Holy f”[email protected] this is hard!!
I have been kidding myself that I was merely someone who was missing a bit of a buzz in life, and that the buzz I chose was betting and more recently online slots. The thrill of a big win is no doubt an unbelievable high, which I can see with hindsight gets more intense the more you chase your losses.
I have always had an issue with gambling in the background since I was around 16, playing fruit machines in the arcades started as fun but quickly got out of hand and I upset an awful lot of people close to me (1 in particular my mother who died before I could really tell her how sorry I was for the hurt i’d Caused as a teenager)
As always, I got caught out spending money I didn’t have and all hell broke loose, I swore myself off such extremes and for over 10 years was happy with the occasional couple of quid in the pub if I had change from buying a round, if I lost I lost, if I won great.
The real start of my problem as it is today was online betting, I opened a sky bet account with the purpose of sticking an accumulator on the football on a weekend, maximum a tenner a month, this was also fine.... for about a month!
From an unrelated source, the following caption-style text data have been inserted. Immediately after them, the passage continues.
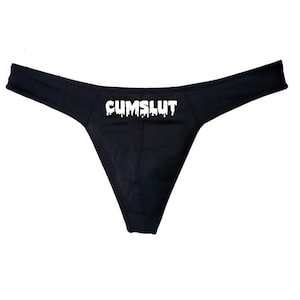 May include: A black thong featuring the text CUMSLUT printed in a white, dripping, liquid-style font across the front centre. The garment has a thin waistband and a triangular front panel, maintaining a solid black colour throughout the design.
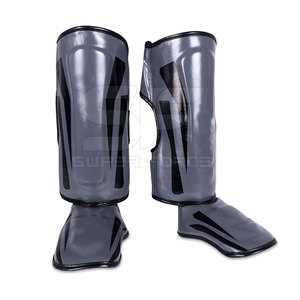 Protège-tibias de boxe en PU avec construction durable pour l'entraînement et les arts martiaux Protège-tibias de boxe à doublure souple - Product Image 1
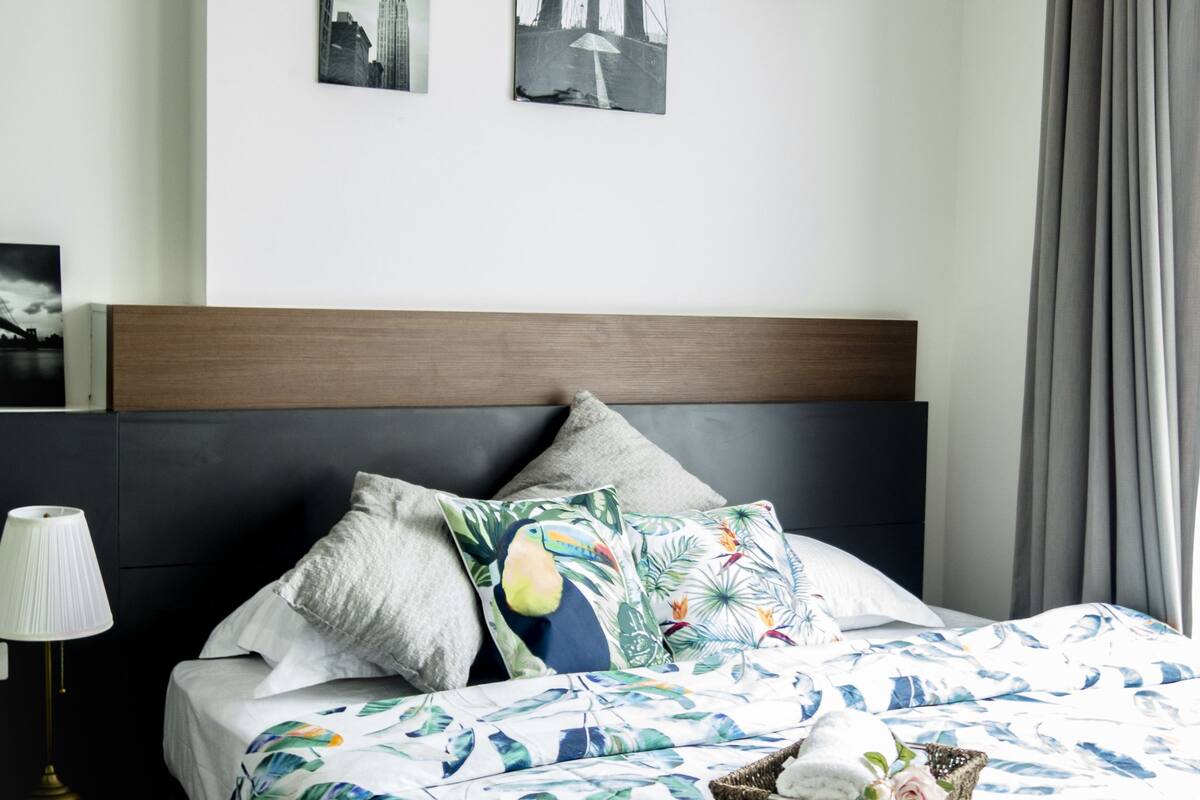 A neatly made bed with a tropical leaf pattern bedspread, a wooden headboard, and a nightstand with a lamp. There are three framed pictures on the wall above the bed.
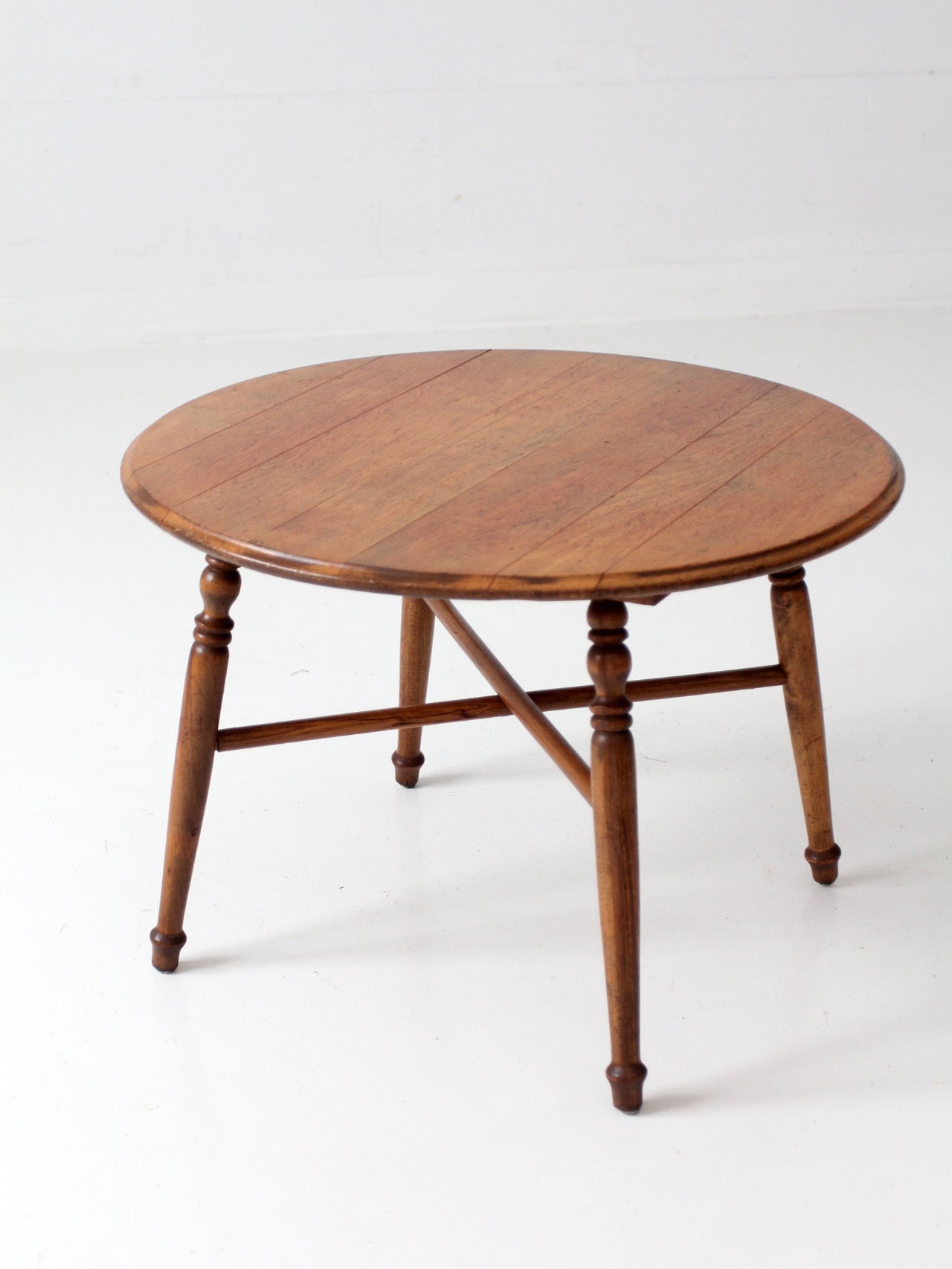 vintage round wood coffee table with turned legs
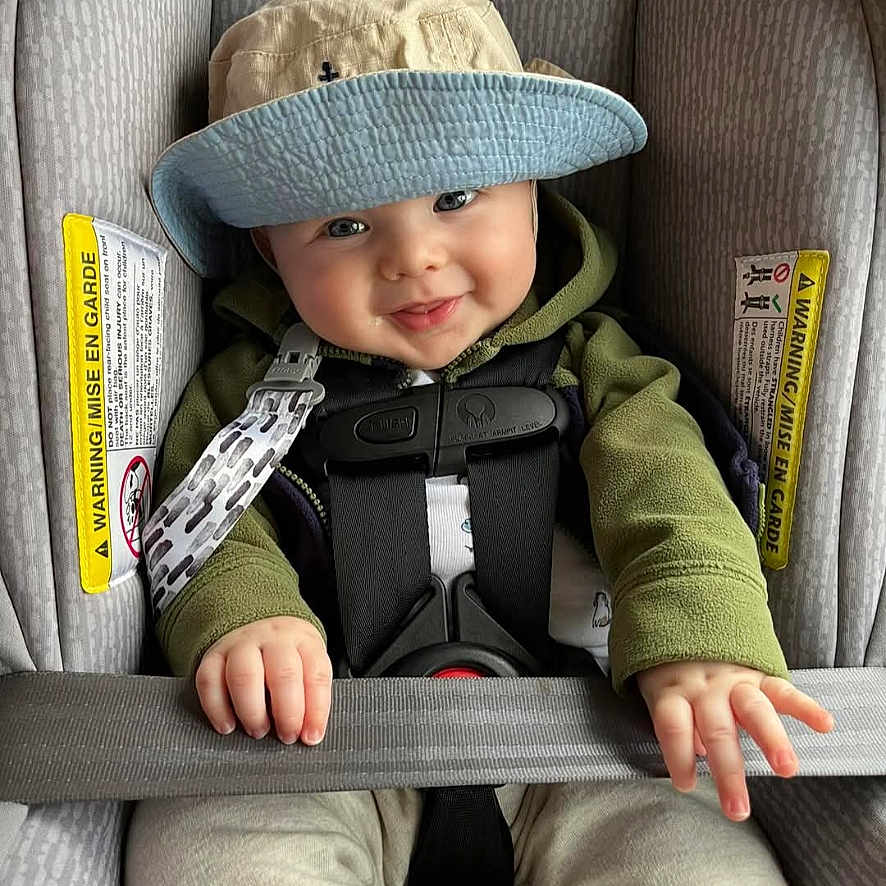 Levi is registered to the contest to win money with this photo: accessories, baby, belt, bodypart, car, car_interior, carseat, clothing, cushion, face, finger, hat, head, homedecor, person, photography, portrait, sleeping, transportation, vehicle
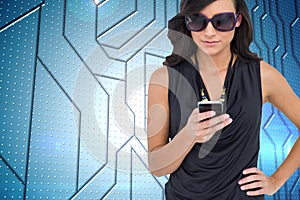 Happy brunette using smartphone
I landed a big win on my second bet and felt invincible! I was the king of predictions and could make a living out of it if I wanted, fast forward 2 months and I had lost all of that and thrown up a couple of hundred quid of my own money chasing that buzz, as this was on our joint account my mrs got wise quick, and I staggered myself with how elaborate the lies I was telling as to why this was happening. Fast forward a couple of months of me abstaining, and after a row and a lousy day at work, I got blind drunk and ran through £300 in a bout an hour, she was devastated and I swore I would never gamble again, and self excluded from all accounts I had.
Act2 scene 3, here I am, we opened separate accounts to keep what little spending money we had in, and I have racked myself up a healthy little overdraft on slots, again had some big wins and thought “right I’m done, clear off what you’ve spent and get on with your life, but the draw was too great. On Sunday morning after revering a large withdrawal and losing it all in about 10 minutes, I looked at my son playing in the lounge and it dawned on me what I was doing, what impact it was having on me, and what danger I could be putting my family in by carrying on this madness.
I self excluded from the site I was on, signed up to gamstop and here I am, thinking about nothing else but gambling but determined to beat this.
Anyone who thinks this is easy needs to be educated, I have never experienced urges like this, thinking ‘just throw a tenner in you could easily turn it into a couple of hundred but so far I’m holding firm. With careful day to day spending my overdraft will be clear in a few months tops, and that’s when I can look at the next step on the road to healing the hurts this addiction has caused myself and those closest to me.
This forum is a godsend, I can’t tell you what a weight it is to really say what I feel about this problem, and these pages have already been a huge source of strength over the last few days. I will keep updating this throughout the journey I am embarking on, I will beat this!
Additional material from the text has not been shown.